> [What is expected] Would you retype exactly the lines from the one holding "Building Photo - 14133 Buckskin Ct" through the last line of the listing, and only those, without pictures?

> [Dataset excerpts]

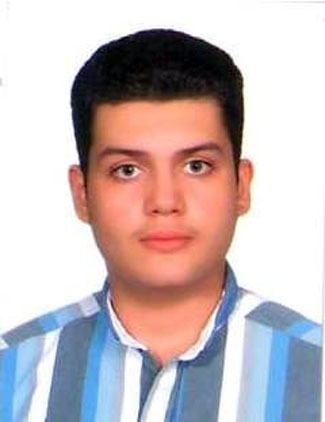 دانیال جوادی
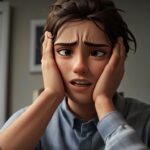 Do Highly Sensitive People Favor Specific Careers? HSP-Friendly Jobs Guide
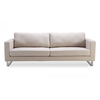 Sofa-beige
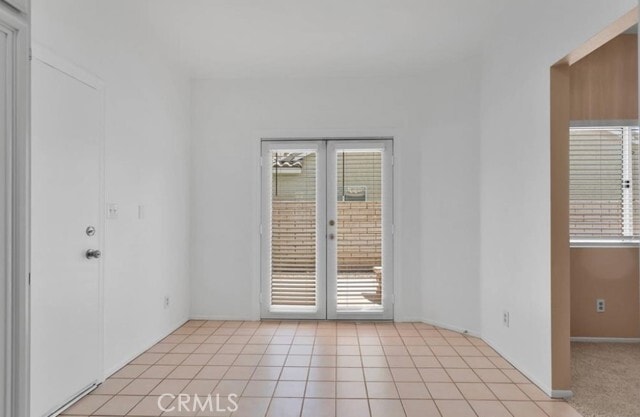 Building Photo - 14133 Buckskin Ct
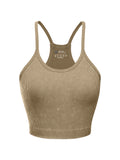 Belle&Kai Women’s Tops – Chic, Comfortable & Versatile Styles-belleandkai.com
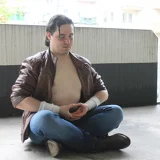 Top-3-Foto - von SiGxGiS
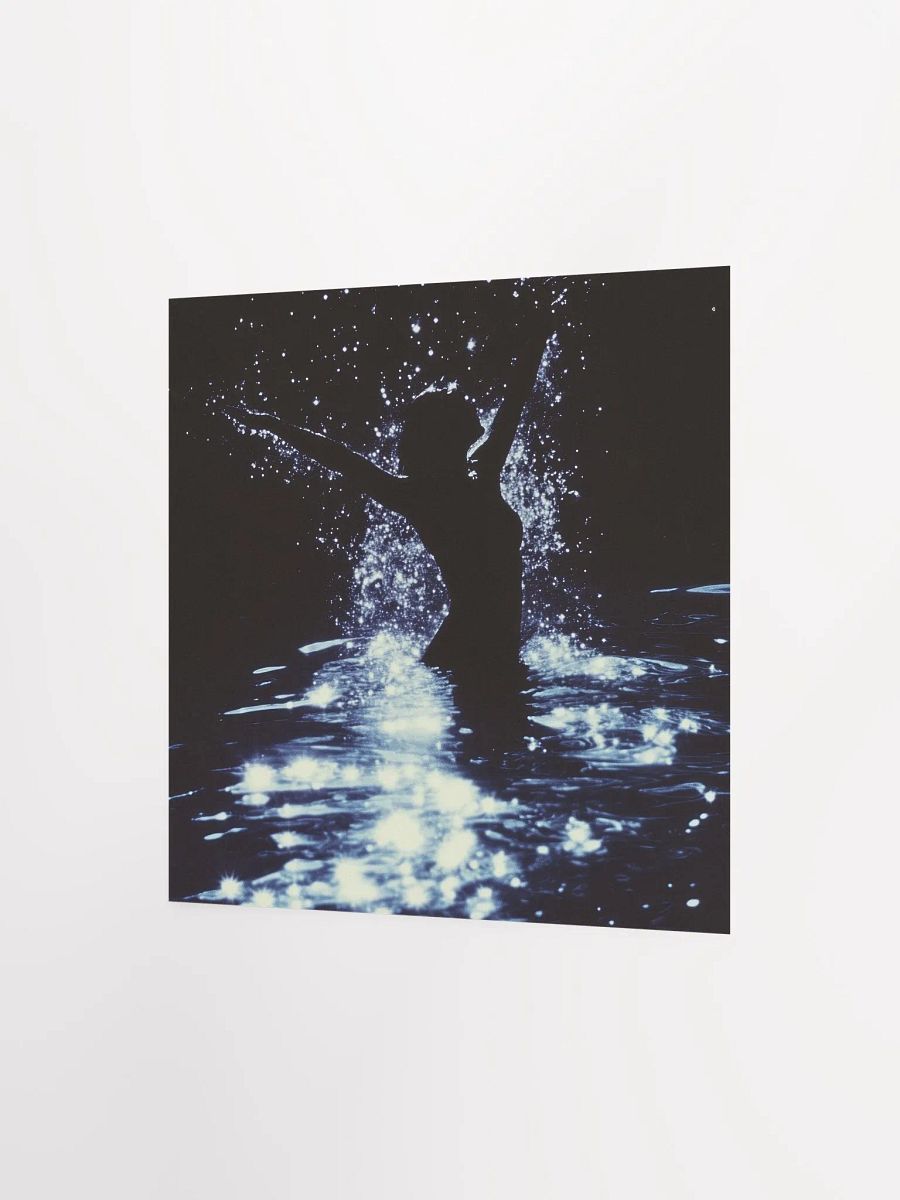 Celestial Splash product image (8)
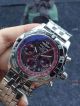 2017 Fake Breitling Chronomat Gift Watch 1762908 (1)_th.jpg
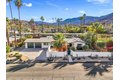Additional image 44 of 745 E Sunny Dunes Rd, Palm Springs, CA, 92264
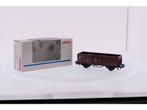 Schaal H0 Märklin 4430 hogeboord Wagon #3008 (H0 (1:87)), Wisselstroom, Wagon, Ophalen of Verzenden, Zo goed als nieuw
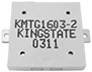 KMTG1603-2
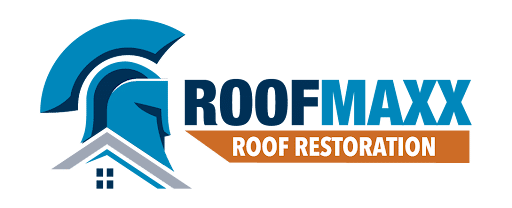 ROOF MAX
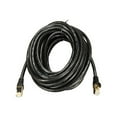 thumbnail image 1 of NW CABLE ROSEWILL| RCW-3-CAT7-BK R, 1 of 2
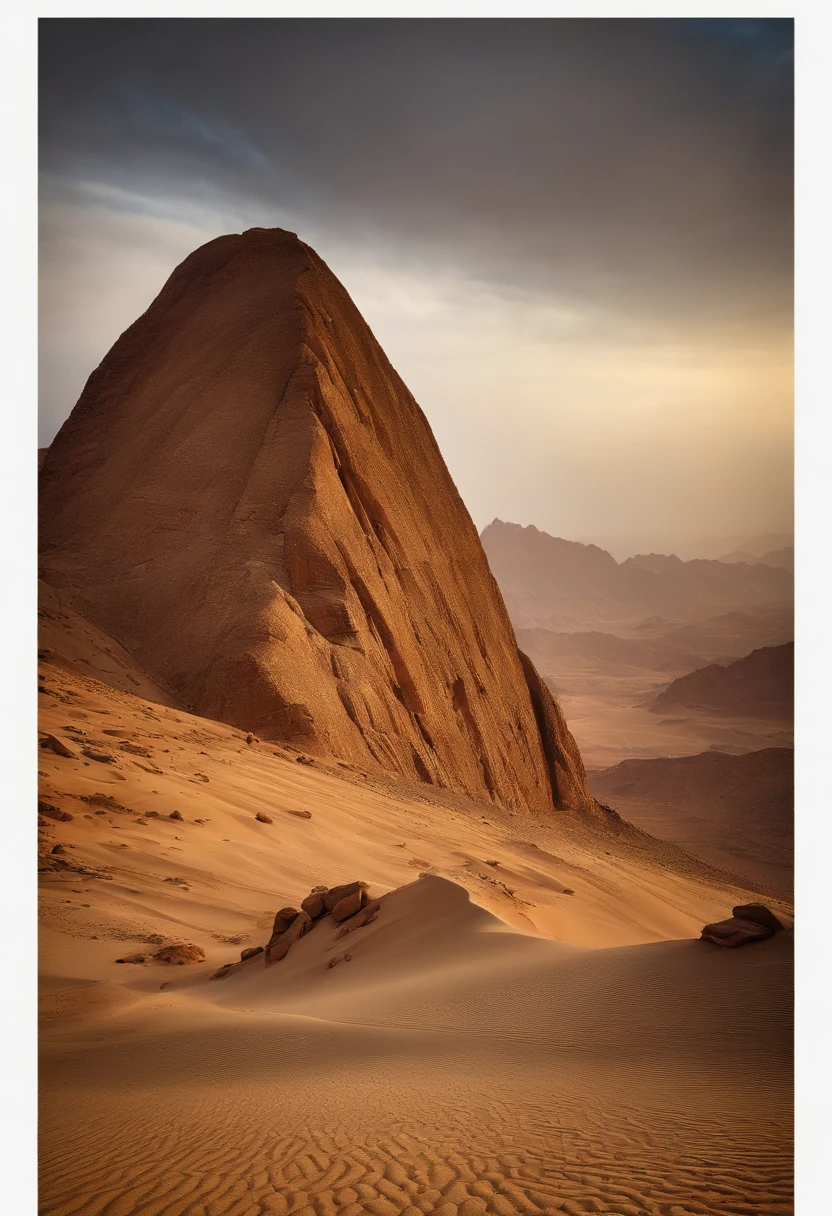 The Exodus of Moses、Singh's Wilderness、A desert、A desert、sinai mountain、sinai mountain、sinai mountain、Mount Sinai、Mount Sinai、the top of mount sinai、Top、the top of mount sinai、the top of mount sinai、the top of mount sinai、the top of mount sinai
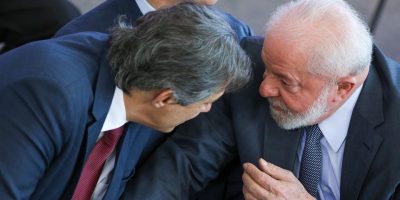 Lula-haddad-rombo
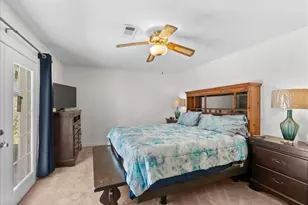 3603 Fleming Dr, Baytown, TX 77521 - Photo 22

> [Answer for this exercise]
 Building Photo - 14133 Buckskin Ct
 Belle&Kai Women’s Tops – Chic, Comfortable & Versatile Styles-belleandkai.com
 Top-3-Foto - von SiGxGiS
 Celestial Splash product image (8)
 2017 Fake Breitling Chronomat Gift Watch 1762908 (1)_th.jpg
Additional image 44 of 745 E Sunny Dunes Rd, Palm Springs, CA, 92264
 Schaal H0 Märklin 4430 hogeboord Wagon #3008 (H0 (1:87)), Wisselstroom, Wagon, Ophalen of Verzenden, Zo goed als nieuw
 KMTG1603-2
 ROOF MAX
 thumbnail image 1 of NW CABLE ROSEWILL| RCW-3-CAT7-BK R, 1 of 2
 The Exodus of Moses、Singh's Wilderness、A desert、A desert、sinai mountain、sinai mountain、sinai mountain、Mount Sinai、Mount Sinai、the top of mount sinai、Top、the top of mount sinai、the top of mount sinai、the top of mount sinai、the top of mount sinai
 Lula-haddad-rombo
 3603 Fleming Dr, Baytown, TX 77521 - Photo 22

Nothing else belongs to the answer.